I’ve spent the holiday being an observer; always a nosy person, this role suits me perfectly. Sitting on my sun lounger behind dark glasses is the perfect position to watch the goings on around the pool….
I’d clocked ‘Paul’, ‘Mary’, ‘John’ and ‘Penny’ around the pool the day before. They were in good spirits, jovial, smiley, having a good time. However, the following day it had changed. Penny was not with the others, and as Mary repetitively asked John if she was ok I assumed that Penny was feeling poorly.
Later in the afternoon my ears pricked up when I heard Mary say,
“Penny’s been spotted on the beach John”
To which John replied,
“I’m not going to speak to her, she has to apologise first”
They had argued it seemed and spent the day apart, refusing to speak to each other. And it got me thinking about why we argue.
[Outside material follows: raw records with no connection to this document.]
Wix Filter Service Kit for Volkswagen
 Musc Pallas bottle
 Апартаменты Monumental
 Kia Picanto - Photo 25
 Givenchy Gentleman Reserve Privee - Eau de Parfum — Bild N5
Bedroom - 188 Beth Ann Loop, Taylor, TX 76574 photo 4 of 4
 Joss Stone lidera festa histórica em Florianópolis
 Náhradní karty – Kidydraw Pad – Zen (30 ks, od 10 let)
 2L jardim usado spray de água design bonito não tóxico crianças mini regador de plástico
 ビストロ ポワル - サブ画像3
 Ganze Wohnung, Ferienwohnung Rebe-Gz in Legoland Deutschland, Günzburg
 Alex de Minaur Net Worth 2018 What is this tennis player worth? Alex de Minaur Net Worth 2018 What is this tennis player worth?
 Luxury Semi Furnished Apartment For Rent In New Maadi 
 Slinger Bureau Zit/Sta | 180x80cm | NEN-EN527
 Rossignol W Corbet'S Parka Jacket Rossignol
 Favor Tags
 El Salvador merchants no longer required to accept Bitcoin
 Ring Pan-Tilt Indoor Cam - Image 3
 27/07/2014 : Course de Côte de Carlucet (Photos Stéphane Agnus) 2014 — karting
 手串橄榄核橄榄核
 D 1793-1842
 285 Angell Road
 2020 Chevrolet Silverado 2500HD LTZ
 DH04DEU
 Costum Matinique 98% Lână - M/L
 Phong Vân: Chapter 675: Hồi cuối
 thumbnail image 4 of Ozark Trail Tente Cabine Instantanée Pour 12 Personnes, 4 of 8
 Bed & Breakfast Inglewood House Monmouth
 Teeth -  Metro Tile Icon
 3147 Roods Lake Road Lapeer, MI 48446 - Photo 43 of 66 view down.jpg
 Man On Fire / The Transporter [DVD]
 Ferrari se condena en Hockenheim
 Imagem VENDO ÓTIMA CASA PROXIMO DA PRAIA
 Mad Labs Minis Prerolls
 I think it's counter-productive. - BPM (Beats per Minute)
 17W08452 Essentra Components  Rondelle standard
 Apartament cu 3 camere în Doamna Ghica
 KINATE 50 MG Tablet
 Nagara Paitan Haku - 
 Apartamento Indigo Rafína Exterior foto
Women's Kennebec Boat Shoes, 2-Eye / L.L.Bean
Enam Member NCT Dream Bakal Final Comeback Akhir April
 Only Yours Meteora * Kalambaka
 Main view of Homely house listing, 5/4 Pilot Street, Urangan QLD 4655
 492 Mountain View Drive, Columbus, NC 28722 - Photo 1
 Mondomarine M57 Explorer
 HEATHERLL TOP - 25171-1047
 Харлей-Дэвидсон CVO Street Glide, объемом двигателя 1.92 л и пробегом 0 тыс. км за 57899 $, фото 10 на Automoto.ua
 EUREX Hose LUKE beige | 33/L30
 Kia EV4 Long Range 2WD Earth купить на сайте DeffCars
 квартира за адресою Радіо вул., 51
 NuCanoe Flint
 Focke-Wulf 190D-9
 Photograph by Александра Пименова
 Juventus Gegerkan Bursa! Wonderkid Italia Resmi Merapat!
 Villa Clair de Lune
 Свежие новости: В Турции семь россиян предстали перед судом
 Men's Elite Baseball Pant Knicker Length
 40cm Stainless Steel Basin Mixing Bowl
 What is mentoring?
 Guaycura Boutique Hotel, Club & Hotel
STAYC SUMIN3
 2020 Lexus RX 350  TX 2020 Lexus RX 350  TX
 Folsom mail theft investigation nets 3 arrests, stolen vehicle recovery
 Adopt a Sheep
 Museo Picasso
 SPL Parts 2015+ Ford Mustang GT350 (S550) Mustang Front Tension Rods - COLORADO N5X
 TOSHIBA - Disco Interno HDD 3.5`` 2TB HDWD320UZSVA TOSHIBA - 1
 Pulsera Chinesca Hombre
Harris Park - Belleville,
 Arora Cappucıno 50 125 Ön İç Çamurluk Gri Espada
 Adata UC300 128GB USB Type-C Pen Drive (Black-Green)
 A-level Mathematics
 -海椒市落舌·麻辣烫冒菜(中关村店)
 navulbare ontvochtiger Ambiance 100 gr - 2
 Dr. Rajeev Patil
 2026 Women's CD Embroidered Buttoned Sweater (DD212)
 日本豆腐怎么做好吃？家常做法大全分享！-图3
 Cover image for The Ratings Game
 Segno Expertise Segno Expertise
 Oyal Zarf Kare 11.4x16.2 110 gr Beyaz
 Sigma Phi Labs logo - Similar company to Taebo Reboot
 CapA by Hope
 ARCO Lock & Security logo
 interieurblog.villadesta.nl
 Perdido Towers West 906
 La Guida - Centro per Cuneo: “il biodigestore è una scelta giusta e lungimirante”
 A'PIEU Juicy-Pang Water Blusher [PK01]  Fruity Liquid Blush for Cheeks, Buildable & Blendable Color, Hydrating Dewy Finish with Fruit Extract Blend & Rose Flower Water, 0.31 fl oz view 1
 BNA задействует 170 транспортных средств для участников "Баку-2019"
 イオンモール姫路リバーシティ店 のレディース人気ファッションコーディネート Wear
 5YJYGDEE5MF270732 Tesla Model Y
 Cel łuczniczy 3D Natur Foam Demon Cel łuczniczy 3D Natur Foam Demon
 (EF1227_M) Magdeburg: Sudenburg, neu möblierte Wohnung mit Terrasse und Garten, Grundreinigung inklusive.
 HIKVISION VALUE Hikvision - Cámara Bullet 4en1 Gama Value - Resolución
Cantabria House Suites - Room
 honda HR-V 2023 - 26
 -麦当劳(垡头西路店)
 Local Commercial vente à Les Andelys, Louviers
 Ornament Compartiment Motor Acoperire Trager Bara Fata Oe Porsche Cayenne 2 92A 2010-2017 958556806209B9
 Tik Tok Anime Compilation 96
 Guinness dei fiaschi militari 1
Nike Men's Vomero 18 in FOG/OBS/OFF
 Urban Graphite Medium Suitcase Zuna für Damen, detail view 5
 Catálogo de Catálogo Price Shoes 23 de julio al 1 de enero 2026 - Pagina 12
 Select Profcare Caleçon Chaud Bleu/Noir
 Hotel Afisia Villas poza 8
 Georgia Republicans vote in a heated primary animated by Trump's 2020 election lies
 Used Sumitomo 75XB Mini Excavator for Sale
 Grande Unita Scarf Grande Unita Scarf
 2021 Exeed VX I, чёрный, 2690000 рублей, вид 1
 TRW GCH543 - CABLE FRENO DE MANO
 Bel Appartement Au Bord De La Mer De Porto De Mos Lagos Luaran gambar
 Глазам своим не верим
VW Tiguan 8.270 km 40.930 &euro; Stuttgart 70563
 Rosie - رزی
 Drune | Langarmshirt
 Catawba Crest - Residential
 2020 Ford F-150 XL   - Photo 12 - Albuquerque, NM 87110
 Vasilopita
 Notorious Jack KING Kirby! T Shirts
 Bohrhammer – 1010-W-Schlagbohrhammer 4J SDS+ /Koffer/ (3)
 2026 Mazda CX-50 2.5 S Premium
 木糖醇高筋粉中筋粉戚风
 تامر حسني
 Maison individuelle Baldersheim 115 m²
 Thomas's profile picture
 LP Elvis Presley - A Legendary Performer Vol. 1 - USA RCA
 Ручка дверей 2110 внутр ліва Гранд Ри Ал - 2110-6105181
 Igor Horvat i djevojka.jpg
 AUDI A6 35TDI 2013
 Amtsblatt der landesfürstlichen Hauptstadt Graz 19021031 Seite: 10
Ultimately it is because the other has not done what we wanted them to do, but of course we know that an individuals life is seen through a unique set of lenses / perceptions / beliefs, so how could two people EVER see a situation in the same way. There HAS to be, and I am going to give this word its own line for it is so important:
And alcohol takes this away
Perhaps Penny and John argued under the influence the night before, when they were not them-TRUE-selves, or maybe it was in the morning hungover state when we are foggy with brains and bodies desperately trying to get that poison out.
Dom and I were trying to remember the last time we argued, and it was when Dom was still drinking. When I was drinking too we fought like cat and dog, with some of the arguments getting pretty heated.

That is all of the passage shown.